New Statesman Scotland
British Telecom and the Bank of Scotland are to create an Internet venture that promises to cut the price of phone calls by as much as a third. This is odd. BT setting up a rival that guarantees to undercut its own charges? The analogy the new outfit offers is that of the British Airways nurturing of its Go subsidiary to offer cheaper flights.
Quip will be limited to phone calls over the Internet and the biggest savings will be on international calls. It is a measure of its startling cost-cutting theme that, although it is offering a UK-wide service, it will have only a staff of 20 (no misprint - 20 people to create a nationwide phone service).
The idea for BT to generate an internal rivalry was first enunciated by the late Lord (Keith) Joseph.
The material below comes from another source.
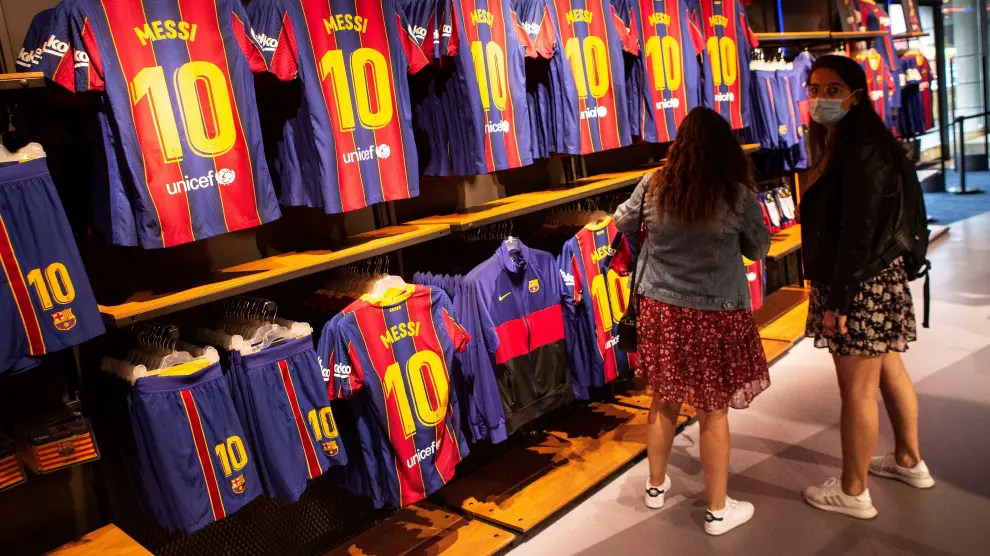 Camisetas de Messi, aún a la venta en el Museo del FC Barcelona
Speaking to an audience at Edinburgh University in 1990, he said that BT's near-monopoly status on phones would best be relaxed by BT itself offering a different contract.
The Bank of Scotland has the aim of getting all its customers, even the most humble ones, connected to its own computers and thus leapfrogging all its rival high-street banks. The Edinburgh bank was a trailblazer with its Hobs telephone banking service ten years ago, far ahead of any London bank. Now its innovation looks quaint, but the Bank of Scotland likes to regard itself as always in the technical vanguard.
BT, which will have 49 per cent of the shares, admitted even before the launch of the advertising campaign to launch Quip that it may be floated as a separate company within three years.
Nobody can explain the selection of the name "Quip". It would be nice to think it was a salute to Edinburgh's James Clerk Maxwell, the father of our electronic age. "Quip" was his favourite word.
One of the most unexpected casualties in an otherwise bustling and prosperous Edinburgh is the city's daily broadsheet the Scotsman. Since the date of the devolution referendum, its sales have fallen 4 per cent. Its current sales are a mere 78,000.
The proprietors of the Scotsman stable are said to be open to any serious offers. One man who has both the money and the cause he wants to fight is Brian Souter, who created the Stagecoach bus company. He says he needs a vehicle to maintain his determined campaign to bar homosexual evangelists from access to Scottish schools.